Fines for not paying minimum wage – Where do you stand?

Pendragon, the UK’s largest car Dealer has been prosecuted by HMRC and made to pay out compensation totalling £35,000 for underpayment of minimum wage to around 40 members of staff. 

The Pendragon case centred upon a salary sacrifice scheme, in which wage deductions were made to cover an employee’s company car. As such this salary sacrifice was seen to be in place for the employers, use and benefit and therefore the deduction made to compensate the employer reduced the employee’s minimum wage rate.
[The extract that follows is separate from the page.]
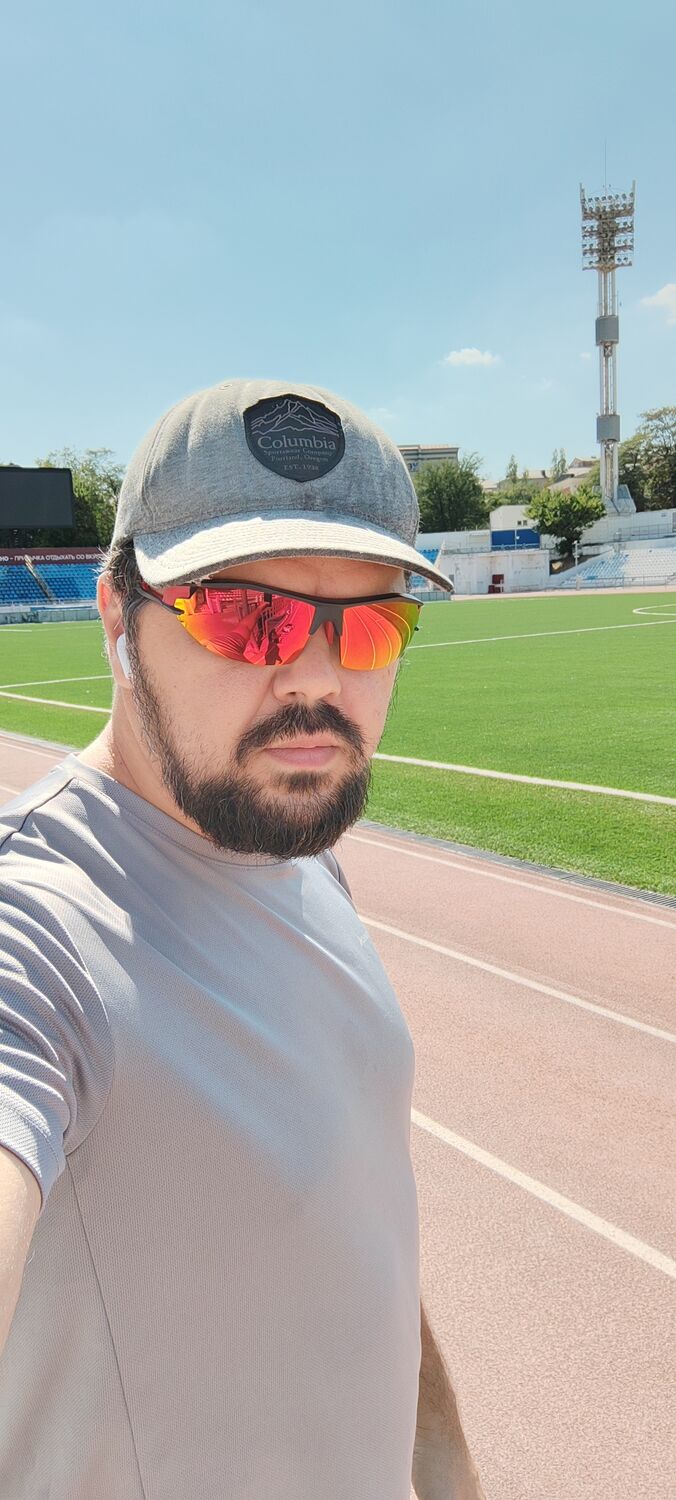  38413676  Artem, 39 ,    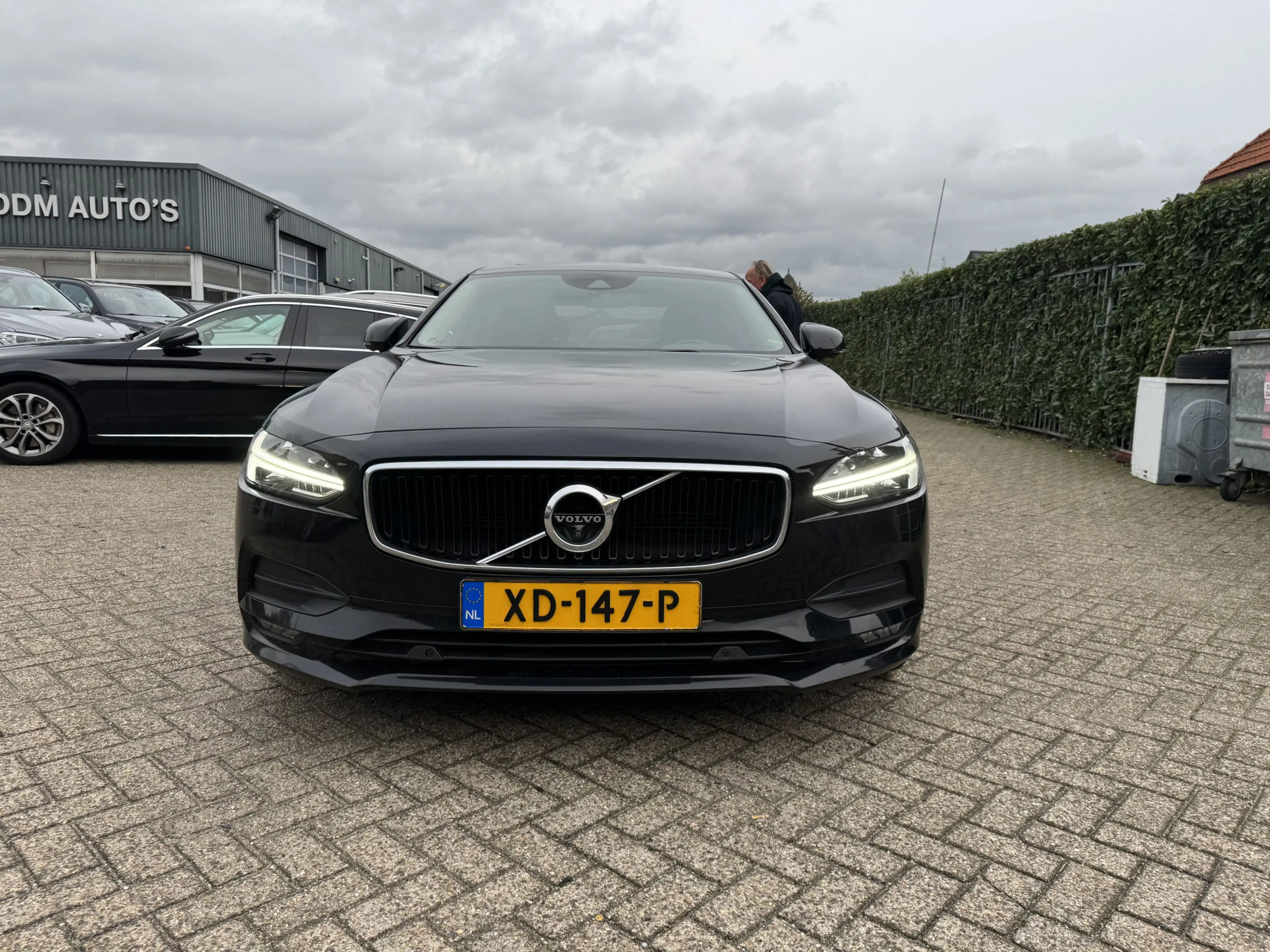 Volvo S90 2.0 D4 Momentum Business — photo 2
Once such deductions where made, it transpired that the employees minimum wage was under the statuary minimum and the sums were to be repaid. 

By ‘Employers Use and Benefit’, it is deemed that if a scheme is in the place to facilitate the working relationship, such as the use of a vehicle to get to and from work, then it will be deductable from the minimum wage rate. Other items which are covered under this heading include deductions made to cover the cost of items your employer supplied to you that are needed for your job, for example, tools or clothing for uniform. 

Employers need to be profiting from a scheme for it to be deemed for their own use and benefit. As long as the deductions made are for providing it the scheme then it will reduce employee’s minimum wage rate.

Remember, commission payments overtime and performance related payments are all included in the term wages, and therefore are included when calculating an employee’s minimum wage. Advancement of wages are not included in the Minimum Wage Rate, nor do repayment of such advances of wages reduce the minimum wage rate and thus should be excluded from any calculations made. 

We advice all clients look to their payroll to insure that all staff are being paid correctly, in line with the minimum wage rates for each category of employee. Take into consideration that minimum wage increased last October and will again this October, staff that are salaried and work longer hours, must still be paid the minimum wage for their category. It would not be worth the HMRC fines that you would incur for non compliance!